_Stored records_
"""

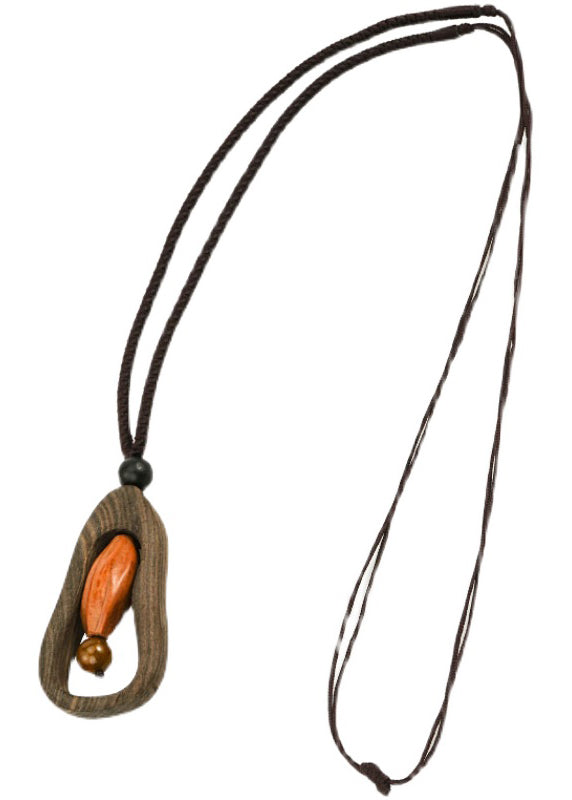 Schicke Halskette mit Anhänger aus brauner Baumwolle (45 % Leinen und 55 % Sandholz)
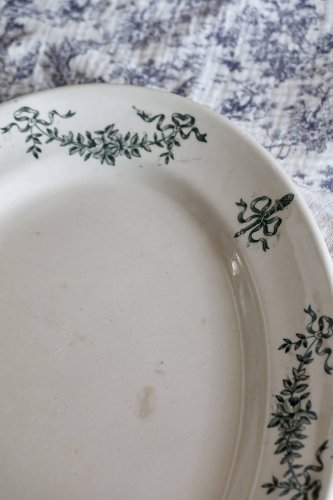Plat de service antique terre de fer Longchamp – Modèle Sapho vert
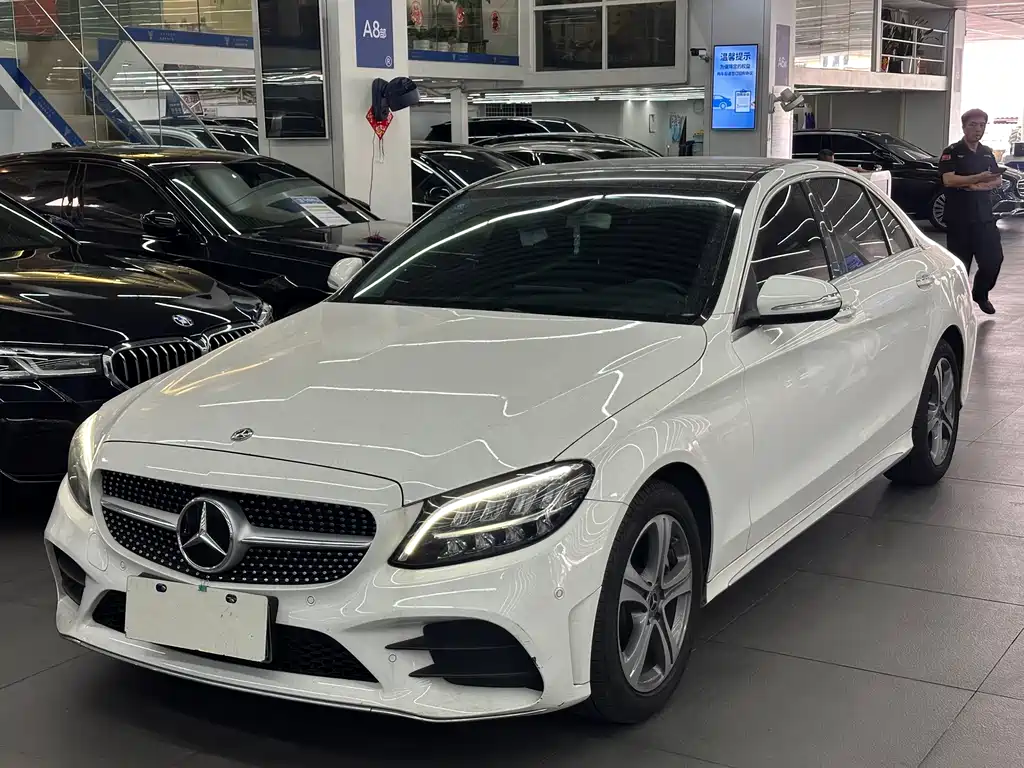 Mercedes-Benz C-Class 2020 — фото 1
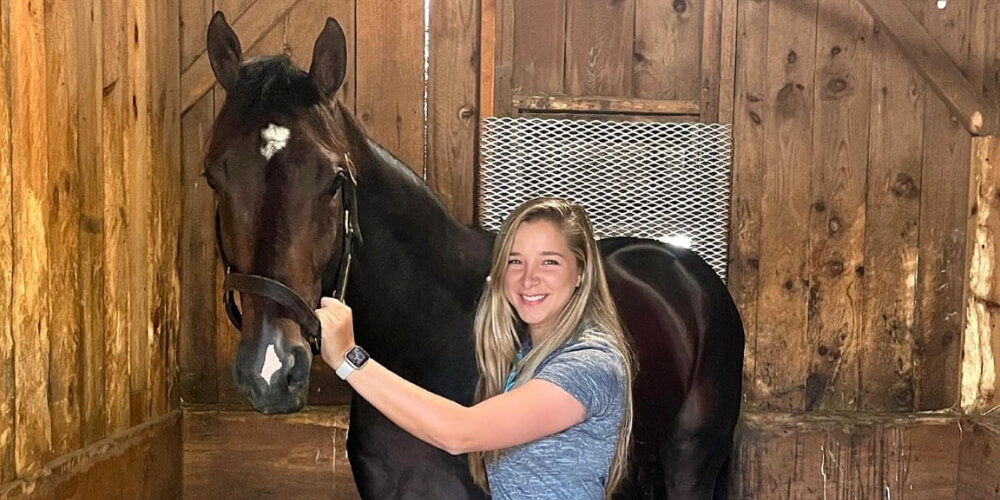 Adrianna Cuesta Amado, DVM ’21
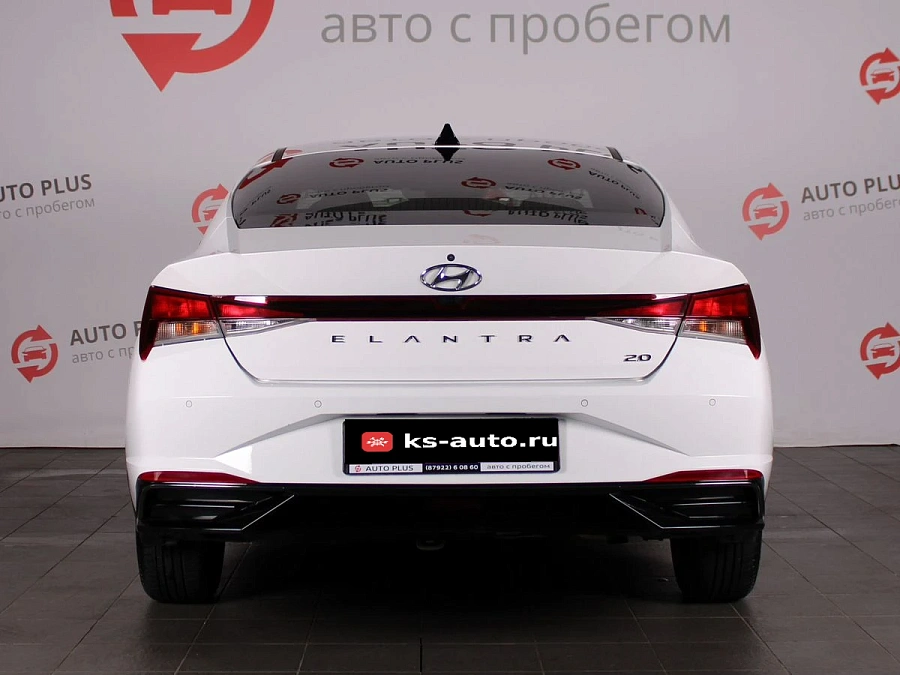 Hyundai Elantra, 2021г., передний привод, автомат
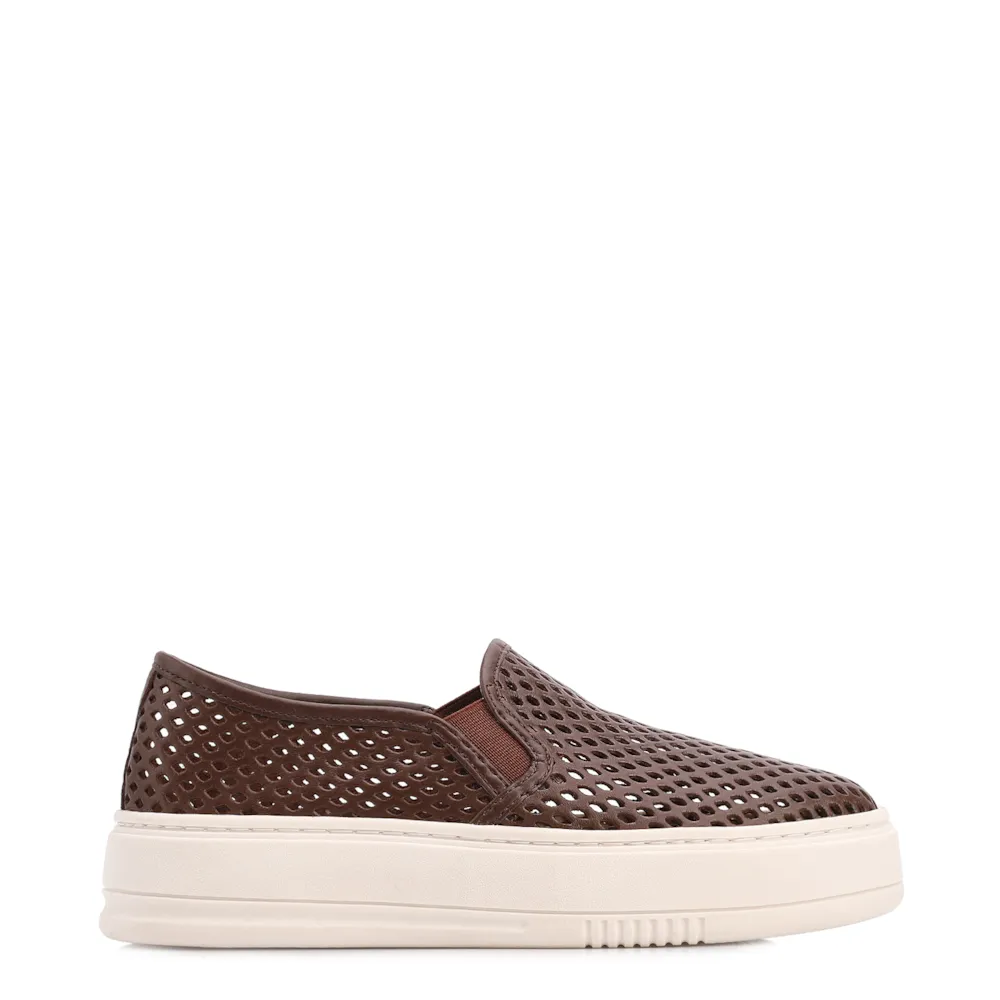 Tênis Marrom Couro Recortes Slip On - imagem 2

"""

_EXERCISE GOAL_
Your answer must be an exact copy of the records, free of images.

_TASK RESPONSE_
 Schicke Halskette mit Anhänger aus brauner Baumwolle (45 % Leinen und 55 % Sandholz)
Plat de service antique terre de fer Longchamp – Modèle Sapho vert
 Mercedes-Benz C-Class 2020 — фото 1
 Adrianna Cuesta Amado, DVM ’21
 Hyundai Elantra, 2021г., передний привод, автомат
 Tênis Marrom Couro Recortes Slip On - imagem 2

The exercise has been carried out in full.